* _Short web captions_
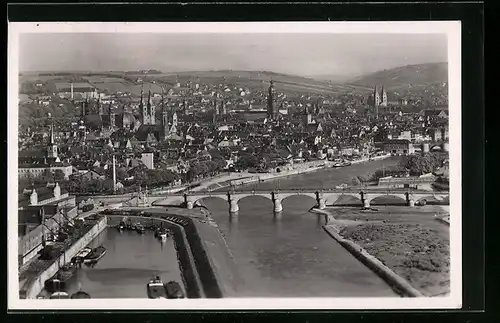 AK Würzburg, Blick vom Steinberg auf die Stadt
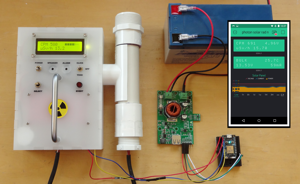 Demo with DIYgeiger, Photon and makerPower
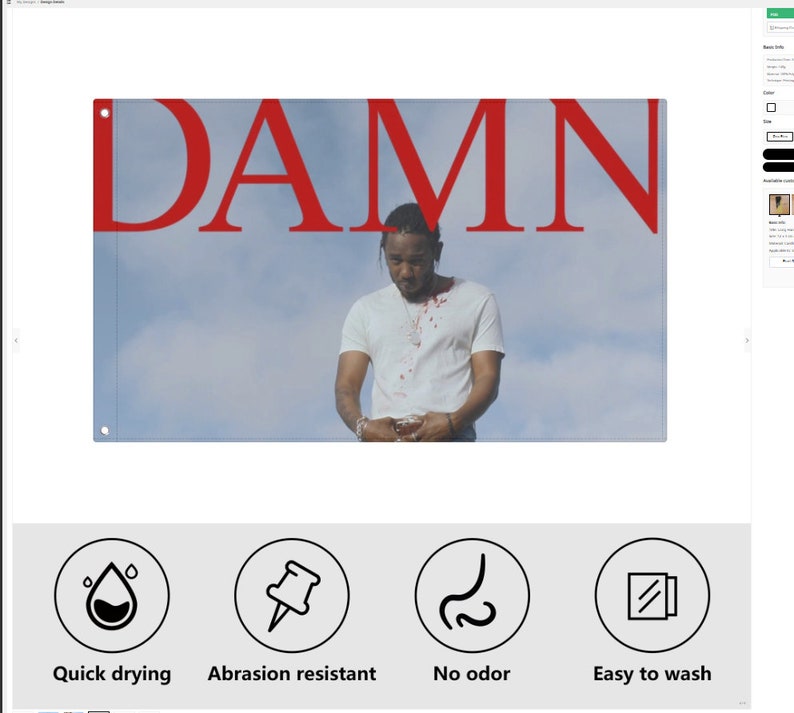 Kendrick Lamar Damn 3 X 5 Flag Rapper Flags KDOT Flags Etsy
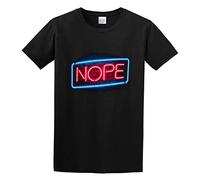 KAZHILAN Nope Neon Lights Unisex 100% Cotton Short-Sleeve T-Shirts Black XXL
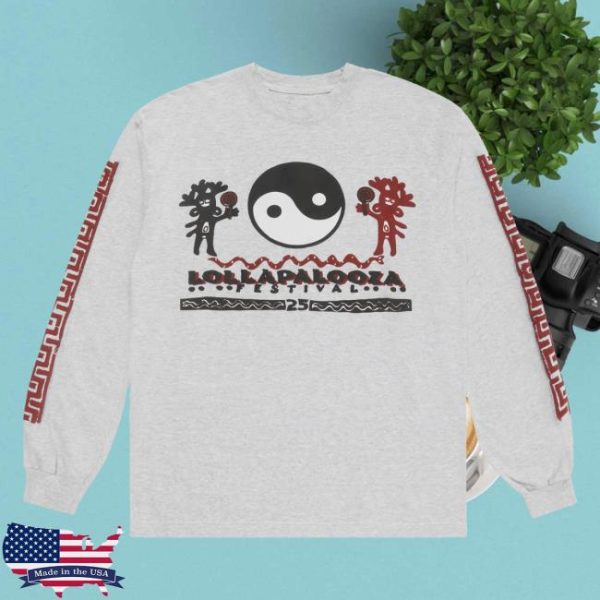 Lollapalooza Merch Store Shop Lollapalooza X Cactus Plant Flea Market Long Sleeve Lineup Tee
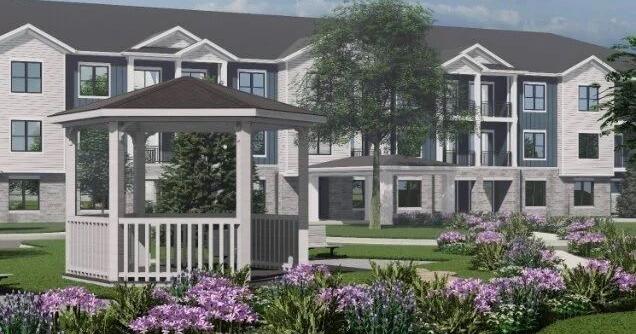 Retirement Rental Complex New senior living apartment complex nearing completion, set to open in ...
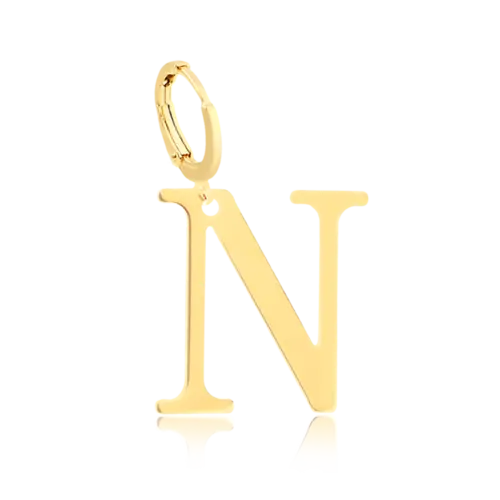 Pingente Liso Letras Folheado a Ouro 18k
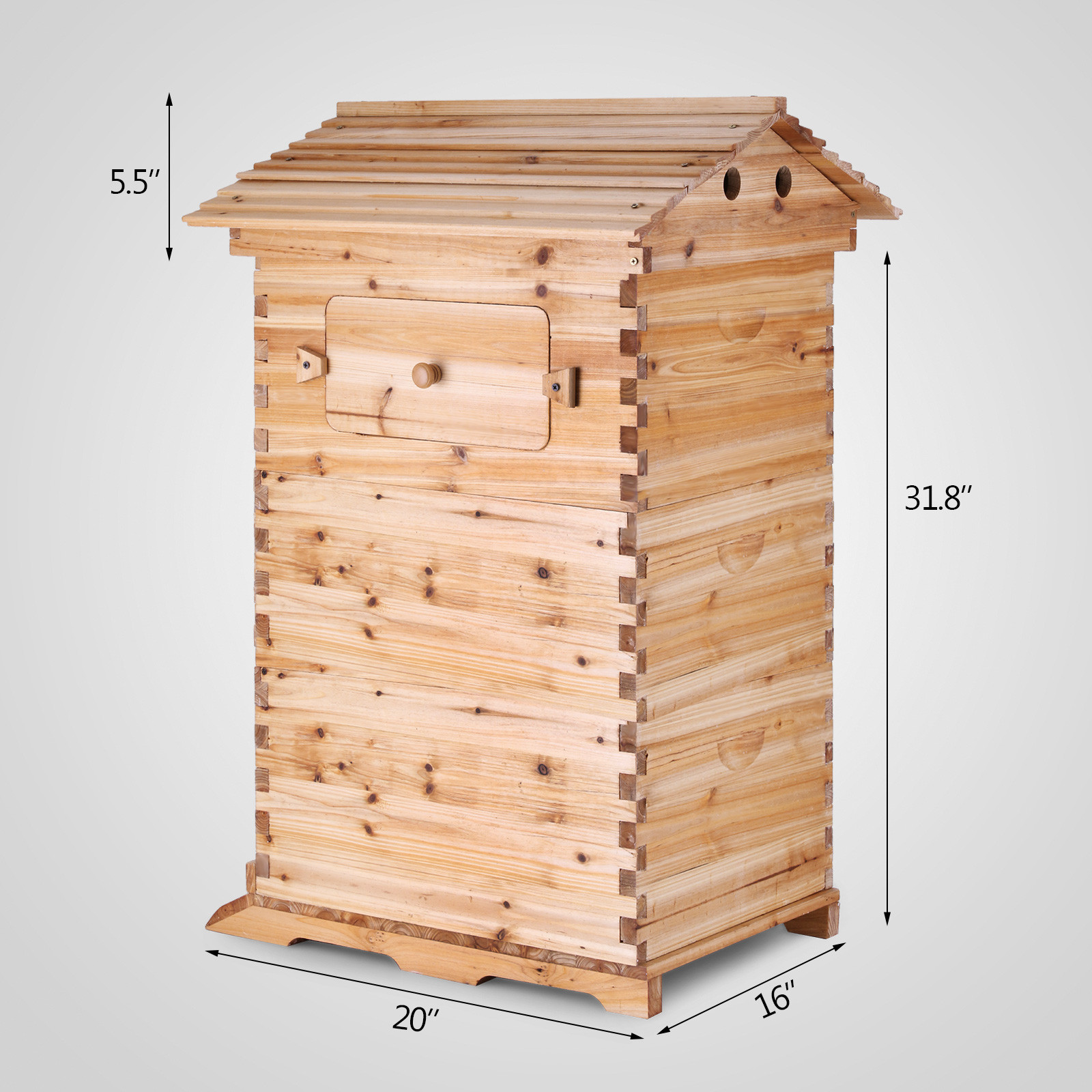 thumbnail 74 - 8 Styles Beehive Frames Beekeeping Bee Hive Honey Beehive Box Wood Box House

* _Task objective_
Your copy should hold exactly the lines from the one that contains "KAZHILAN Nope Neon" through the final line of the data, both ends included, and no pictures.

* _Finished task_
 KAZHILAN Nope Neon Lights Unisex 100% Cotton Short-Sleeve T-Shirts Black XXL
 Lollapalooza Merch Store Shop Lollapalooza X Cactus Plant Flea Market Long Sleeve Lineup Tee
 Retirement Rental Complex New senior living apartment complex nearing completion, set to open in ...
 Pingente Liso Letras Folheado a Ouro 18k
 thumbnail 74 - 8 Styles Beehive Frames Beekeeping Bee Hive Honey Beehive Box Wood Box House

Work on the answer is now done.